Australian born Hinder (1856-1918), educated at Sydney Grammar School and Sydney University, was principal of Maitland Boys' High from 1889 to 1914.
Known as 'the Boss', he guided the fledgling school (established in 1884) to success and respectability.
Hinder oversaw the move from Church St to 'the school on the hill' at East Maitland.
He allowed the boys to vote to change the school colours from blue and gold to black and white and thus to become known as 'the magpies'.
These colours were adopted by the majority of Maitland's sporting teams. Hinder's punishments were tailored to the incident.
A boy who put a pin on another boy's seat had to sit on the pin, and boys who threw water out of a window onto junior boys were made to stand against a wall, endure a lecture and have a basin of water thrown over them!
Despite these unconventional punishment styles, Hinder was loved and respected. Hinder and his wife, Sarah Mills, valued education.

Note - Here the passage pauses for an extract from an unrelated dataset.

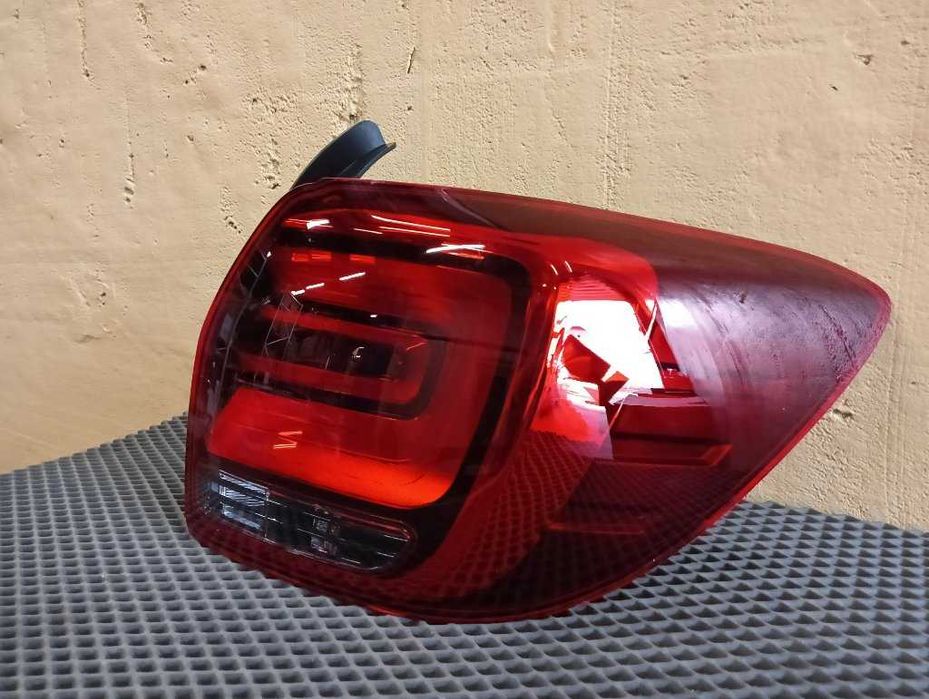 Фонарь правый Renault Logan 2 с 2017 г( рестайлинг)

Unsurprisingly their daughter, Eleanor Mary (1893 - 1963) excelled at Maitland West Girls' High, Teachers College and the University of Sydney (BSc, 1914).
Eleanor was a strong supporter of women's issues, being Secretary of the Sydney University Women Graduates' Association, instrumental in organising the Australian Federation of University Women and a co-founder of the Sydney City Girls' Amateur Sports Association.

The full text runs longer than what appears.